As the General Data Protection Regulation (GDPR) is effective from May 2018, many considerations regarding data obtaining, storage, and most notably allowing for data to be deleted at the request of users are introduced into systems we build.
Lightbend has investigated the various considerations that you may need to take into account to make your systems GDPR-compliant in a continuous way for the long term. To help our customers with this daunting task we can now offer a new module, GDPR for Akka Persistence, that will assist you in building a compliant system.
Within GDPR, the sections that technology can be most helpful with compliance are around conforming to Chapter 3: Rights of the data subject. The technically most challenging is the "Right to be Forgotten" (Art 17).
Akka and Lagom can be used with Event Sourcing techniques, which means storing the entire event sequence leading to the total state of some entity. This also means, that deleting or modifying historical state in order to be compliant with GDPR means that all those events, which carry personal information, will have to be modified rather than just one single state.
It can be difficult to modify all such events and all places where the information may be stored, such as denormalized projections, snapshots and backups. Data shredding can be used to forget information instead of deleting or modifying it. This is achieved by encrypting the data with a key for a given data subject id (e.g. person) and deleting the key when that data subject is to be forgotten.
GDPR for Akka Persistence provides serialization and encryption utilities for this approach of using cryptographic erasure to support the "Right to be Forgotten", and it can be used with Event Sourced data or other data storage approaches.
Let's look at an example: say that we have a persistent entity representing a blog post that many different users may add comments to. Each comment is associated with a user that may request to be forgotten, so this means that all their comments should become anonymous.
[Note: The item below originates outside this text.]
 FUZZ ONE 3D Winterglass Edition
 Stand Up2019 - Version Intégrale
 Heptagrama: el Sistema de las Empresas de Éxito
In this example, it would be difficult to find all comments by a given user, since the comments are added to the blog post rather than being indexed by the user identifier. We would have to maintain such an additional cross-index or traverse all blog posts to be able to find and update all comments.
Instead, we encrypt the author part of the events that represent the comments with a specific encryption key for the user that wrote the comment. The blog post entity would know that if the author part of a comment can't be decrypted because the key has been removed the author of the comment should not be shown any more.
GDPR for Akka Persistence also provides migration tools if you have an existing Akka or Lagom application that you want to move to use data encryption for payloads, and eventually also make use of the data shredding technique.